For many, a poorly maintained or outdated access control system (ACS) can be the gateway a cybercriminal needs to look into your network and premises. Historically, ACS manufacturers focused on developing solutions that would secure access as well as manage access rights and cardholders. But the security landscape has since evolved, and new cybersecurity threats have emerged. Now, in addition to effectively securing your premises from physical threats, you must also protect your ACS from criminal cyber activity.
You Need to Secure Every Level of Your ACS Architecture
As with all systems and networks, your ACS is only as strong as its weakest point. Vulnerabilities can lie at every level of the architecture, including between your readers and the intelligent controller, or even in your software. This means it is not enough to simply deploy secure smart card and then hope that your system is secure.
You can help to ensure the security of your access card technology by deploying 13.56 MHz Smartcard technology, like an HID SEOS platform or MIFARE DESFire smartcards and readers. And, by using a secure and bi-directional protocol, like Open Supervised Device Protocol (OSDP) version 2, between the reader and controller, you can also mitigate against the risk of tapping attacks.
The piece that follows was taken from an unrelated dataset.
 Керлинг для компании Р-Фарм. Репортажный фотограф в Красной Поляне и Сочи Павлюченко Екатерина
An encrypted protocol ensures that cybercriminals cannot retrieve your sensitive credential information by unmounting the reader and tapping the wire connected to the controller. Because of the bi-directional nature of the protocol, operators are notified immediately when readers have been tampered with. This enables them to quickly neutralize a threat at a moment’s notice and ensure that fraudulent readers cannot retrieve sensitive information from your system.
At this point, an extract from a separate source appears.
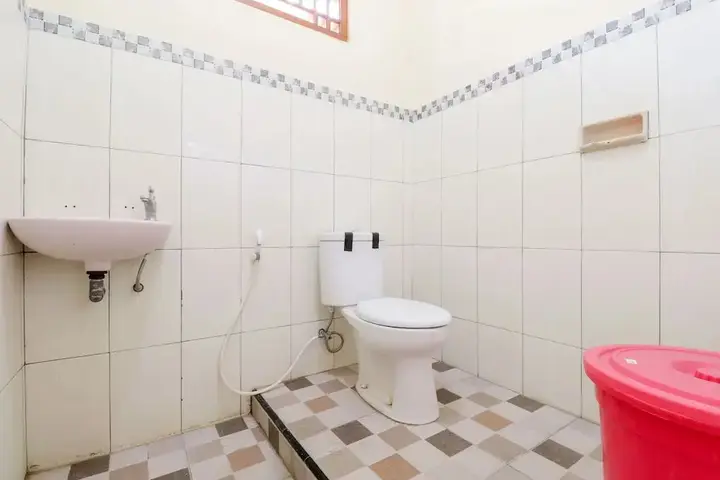 Батуретно: Dewisri Homestay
Secure communication between servers and field devices also helps to mitigate against the risk of man-in-the-middle (MITM) attacks over your network. When selecting an ACS, you can promote secure communication by selecting a platform that uses the most advanced cryptographic protocols, like Transport Layer Security (TLS).
The platform should also employ a comprehensive approach to security that incorporates multiple lines of defense to keep both your ACS and your credential data safe. All credential data captured from readers, whether used in ACS decisions or stored in your controllers and servers, should be protected by strong encryption, authentication and authorization methods.
Secure for Today, Plan for the Future
Threats will only continue to evolve, so you need to stay ahead of the curve with more sophisticated security defenses. You need to choose a secure and resilient ACS that protects your data and keeps it confidential. At the same time, make sure your ACS is designed with several security layers from access card to software. And your chosen vendor should be committed to adopting the industry’s current best practices for cybersecurity so that your organization is secure now and for the future.